Marx expected the working class to develop from a mere economic category (a "class in itself" ) into a revolutionary political actor ("class for itself")—but although the process started it did get stuck on route. A "class consciousness" did develop among particular sections of the working class but this did not develop into a revolutionary socialist consciousness. It stopped short at trade-unionism and labourism. Even if a working class "for itself" has never developed, a class consciousness of a lesser sort did. Marx believed that, as the workers gained more experience of the class struggle and the workings of capitalism, it would become more consciously socialist and democratically organised by the workers themselves. The emergence of socialist understanding out of the experience of the workers could thus be said to be ‘spontaneous’ in the sense that it would require no intervention by people outside the working class to bring it about. Socialist propaganda and agitation would indeed be necessary, but would come to be carried out by workers themselves, whose socialist ideas would have been derived from an interpretation of their class experience of capitalism. The end result would be an independent movement of the socialist-minded and democratically organised working class aimed at winning control of political power in order to abolish capitalism. As Marx and Engels put it in the Communist Manifesto, “The proletarian movement is the self-conscious, independent movement of the immense majority, in the interest of the immense majority.

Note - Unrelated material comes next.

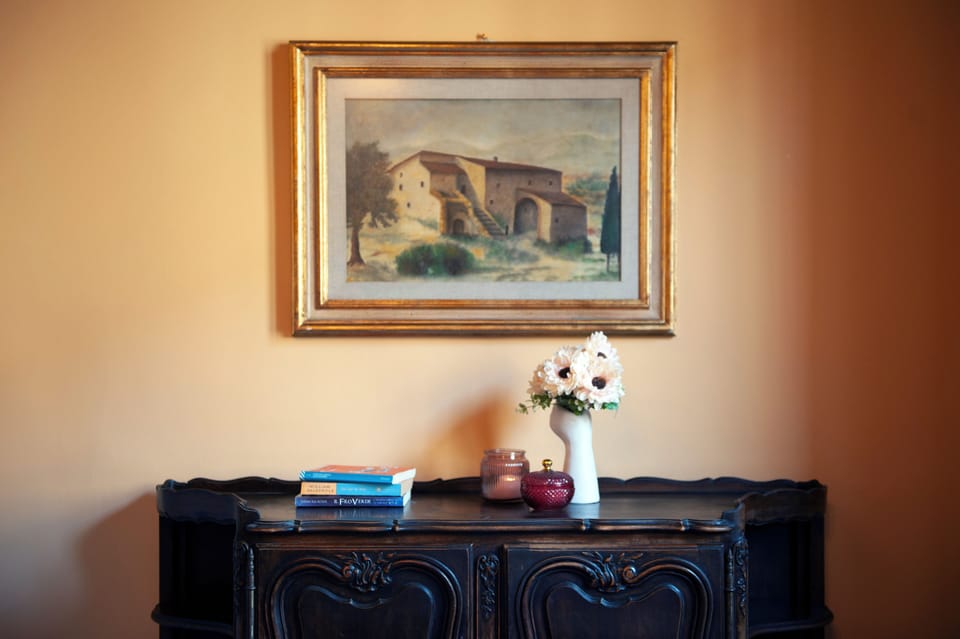 Apartment (1 Bedroom) | Living area | 32-inch Smart TV with cable channels, fireplace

Socialism/communism, as envisioned by Marx, was to be a society in which the full and free development of every individual forms the ruling principle, a society "in which the free development of each is the condition for the free development of all", a participatory democracy organised without any political leaders or administrators at all. Communism/socialism puts an end to the division of life into public and private spheres, and to the difference between civil society and the state; it does away with the need for political institutions, political authority, and governments, private property and its source in the division of labour. It destroys the class system and exploitation; it heals the split in man's nature and the crippled, one-sided development of the individual. Voluntary solidarity, not compulsion. Marx used the word “association” to indicate the society he envisaged as replacing capitalism. And this term is useful in terms of emphasising how the members of that society will freely enter into production relations with each other to produce social wealth.

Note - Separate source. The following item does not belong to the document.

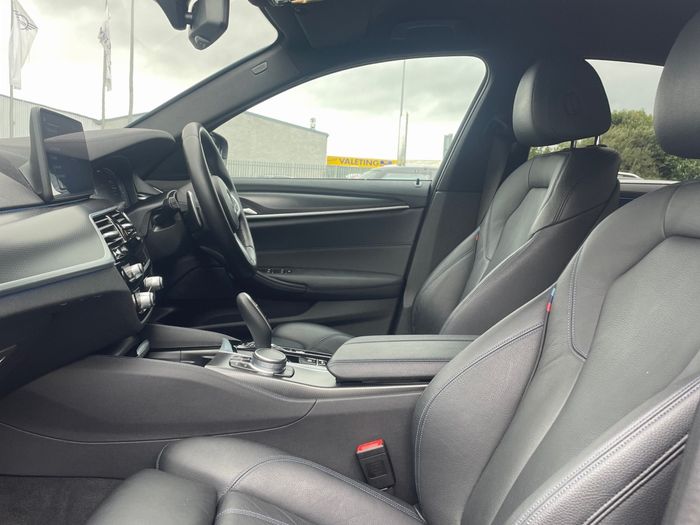 BMW 5 Series 2021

The Socialist Party can be described as a Marxist party, in that it recognises the immense contribution made by Karl Marx in developing a scientific understanding of capitalism as a distinct and transient society, one which was historically progressive in its time, but which is now outdated and needing to be replaced. Far from being outdated Marx's view on the development of capitalist ownership is continually being re-enacted in today’s newspaper headlines. SOYMB are no worshippers of leaders or "great men" but we recognise the work done by Marx, Engels and other contributors to the socialist movement. The best tribute to Marx is to recognise what is permanent in his work and put aside that which was dictated by the confused and temporary circumstances of the time in which he wrote. It is in this spirit that we celebrate his birthday. Happy Birthday Charley.